Iron casters discuss keys to optimizing inoculation.
The last AFS International Inoculation Conference was held 20 years ago, and, based on the enthusiastic response to this year's event, it was long overdue. Nearly 230 attended the 1998 program held April 6-8 in Rosemont, Illinois. Attendees hailed from five countries, including four Canadian provinces and 23 states.
The conference gathered 33 speakers representing six countries, six foundries, eight universities, eight suppliers, three consultants and two research organizations. The presenters discussed 19 papers covering a range of topics from the basics of iron inoculation to more advanced methods of controlling graphite nucleation and optimizing inoculation benefits. The program was sponsored by the Molten Metal Processing Committee of the AFS Cast Iron Div.
SULFUR'S ROLE IN GRAPHITE NUCLEATION OF IRON
In their paper titled "The Importance of Sulfur to Control Graphite Nucleation in Cast Irons," Julien Riposan and Mihail Chisamera, Univ. Politechnica Bucharest, discussed the results of their experiments with sulfur (S)-based compounds during inoculation.

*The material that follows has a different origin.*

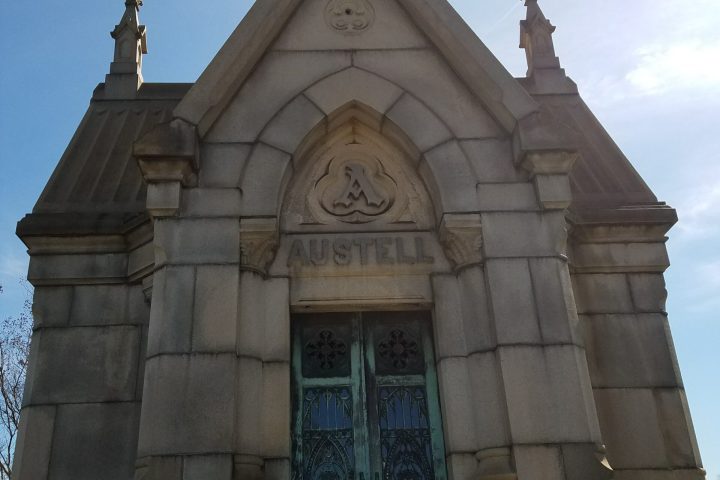 a statue in front of a building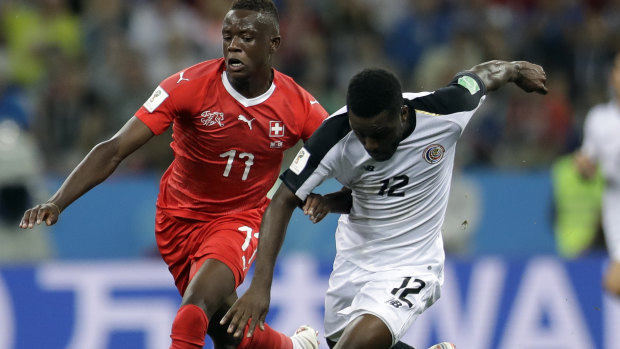 Tough battle: Switzerland's Denis Zakaria, left, and Costa Rica's Joel Campbell fight for the ball.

[TABULAR DATA FOR TABLE 1 OMITTED]
[TABULAR DATA FOR TABLE 2 OMITTED]
The inoculation effect depends on the occurrence of compounds - oxides, sulfides, nitrides, carbonitrides - which promote graphite nucleation as a result of their stability in cast iron. After magnesium (Mg) treatment, liquid iron becomes low in oxygen (O), S and nitrogen (N), so the effect of inoculation is limited. Chisamera and Riposan performed experiments to determine the connection between a S addition after the Mg addition and inoculation effectiveness. The experiment was designed to assess the influence of inoculant materials on graphite nucleation capacity and chill tendency of cast irons.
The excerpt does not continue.